This paper extends and updates earlier work by: (1) providing case studies of state and international experience with a full range of policy options, (2) addressing new options that have emerged, (3) summarizing new developments in public private Partnerships (PPPs), and (4) detailing financing options, such as congestion pricing, which establish a price signal to users that can both raise revenue and encourage more efficient use of the transportation infrastructure.
Executive Summary
Governors and states have long recognized the importance of investing in surface transportation. The nation’s roads, rails, and bridges provide for personal mobility and facilitate commerce and shipping. When operated efficiently, the surface transportation system can enhance the economic competitiveness of states and the nation, as well as increase safety and quality of life for users.

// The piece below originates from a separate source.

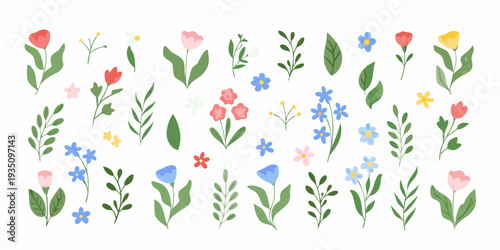 Colorful floral arrangement of various wildflowers and blossoming plant stems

However, a growing imbalance between use of the system and its capacity is leading to an increasingly strained system in many parts of the country. States are looking to a number of innovative funding and financing approaches to help meet the dual challenges of better managing demand, particularly in congested areas, and increasing investments in capacity.
Today, states and the federal government rely primarily on motor fuel taxes to fund the surface transportation system. Motor fuel taxes have offered revenue stability and predictability with a relatively low administrative burden. Compliance costs in paying motor fuel taxes are also limited, and there is a low risk of tax evasion. Fuel taxes can generate substantial amounts of revenue at a relatively low cost to individual users. By charging per gallon, fuel taxes provide an incentive for users to purchase more efficient vehicles.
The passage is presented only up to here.